TriStar Portland ER - March 10, 2017

It's hard to overstate football's popularity in the U.S., but football is an inherently violent contact sport. The name of the game is to hit somebody, and as a result, injuries in football are very common and often serious enough to require a trip to the ER.

That's why watching your kids play football can be nerve-wracking. Fortunately, many football injuries can be prevented by wearing the right equipment, playing within the rules and using proper technique.

Learn how to keep things as safe as possible on the football field by following these tips.

Gear Guidelines

Kids need a lot of protective gear to play football. Remind kids that if they show up for practice or a game without a necessary piece of equipment, they should tell their coach.

At a minimum, kids should never take the field without the following gear:

  • Helmet. These should meet the safety standards developed by the National Operating Committee on Standards for Athletic Equipment (NOCSAE).
  • Pants with leg pads. Regardless of which style you choose, football pants should have pads for the hips, thighs, knees and tailbone.
  • Shoulder pads. Football shoulder pads should have a hard plastic shell with thick padding.
  • Shoes. Check with the coach and consult your league's guidelines regarding which types of shoes and cleats (non-detachable or detachable) kids can use.
  • Mouthguard. All football leagues will require the use of a mouthguard. Be sure to get one with a keeper strap that attaches it securely to the helmet's facemask.
  • Athletic supporter with cup. Worn properly, this essential piece of equipment helps male athletes avoid testicular injuries.
  • Additional gear. Other items that you might want to consider using for protection include: padded neck rolls, forearm pads, padded or non-padded gloves and "flak jackets" that protect the ribcage and abdomen.

Before Kickoff

Some things kids can do before every game and practice to help avoid injuries include:

  • Getting in shape before the season starts. Ideally, eating a healthy diet and getting regular exercise year-round, but at least doing so during the summer to prepare for the football season.
  • Warming up and then stretching.
  • Drinking plenty of water before, during and after games and practices.
  • Working with the coach and teammates to learn proper techniques.

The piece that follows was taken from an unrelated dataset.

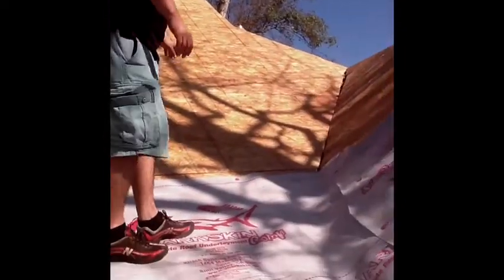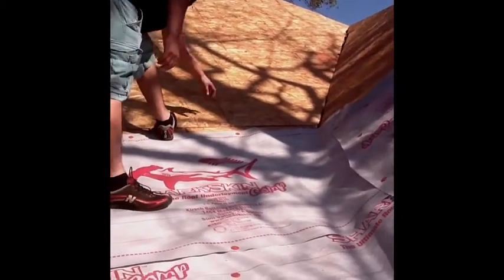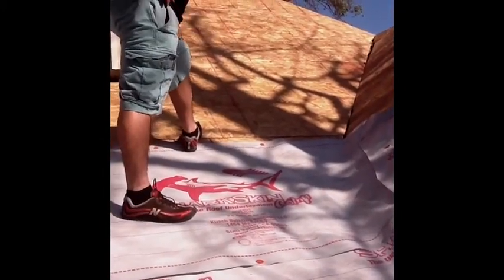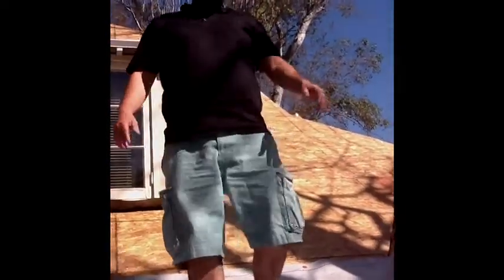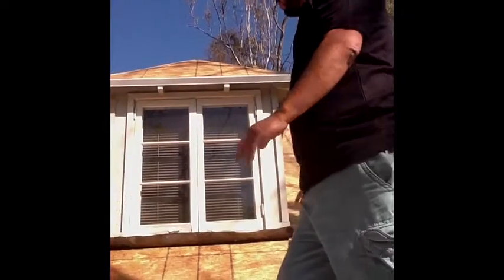And then over here you can see where we have the sheet, all the chalk lines. We already got it approved by the city inspectors, so we're ready to go ahead and start shingling. I just wanted to give you a quick view of the project we're doing here.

During Games and Practices

Once the practice or game starts, kids should:

  • Know and obey the rules of football. Things like clipping, facemask grabbing, blocking below the knees and helmet-to-helmet contact are illegal because they are dangerous to everyone.
  • Keep the head up while tackling and never lead with the top of the helmet. Known as "spearing," this is illegal and greatly increases the chances of a traumatic head or neck injury.
  • Take themselves out of the game if they experience any pain or discomfort to decrease the severity of an injury.
  • Stop at the whistle. It's not uncommon for a player to get hurt when one player keeps going after everyone else relaxes at the whistle.

A FEW OTHER REMINDERS

  • Kids should have a pre-season sports physical exam (different from a regular physical exam) before every season to be sure they are ready to play.
  • Make sure first aid is available at the fields where your kids play and practice, as well as someone who knows how to administer it.

Lastly, don't forget to have fun out there. With the right gear and a little common sense, you can help your kids stay injury-free and on the field.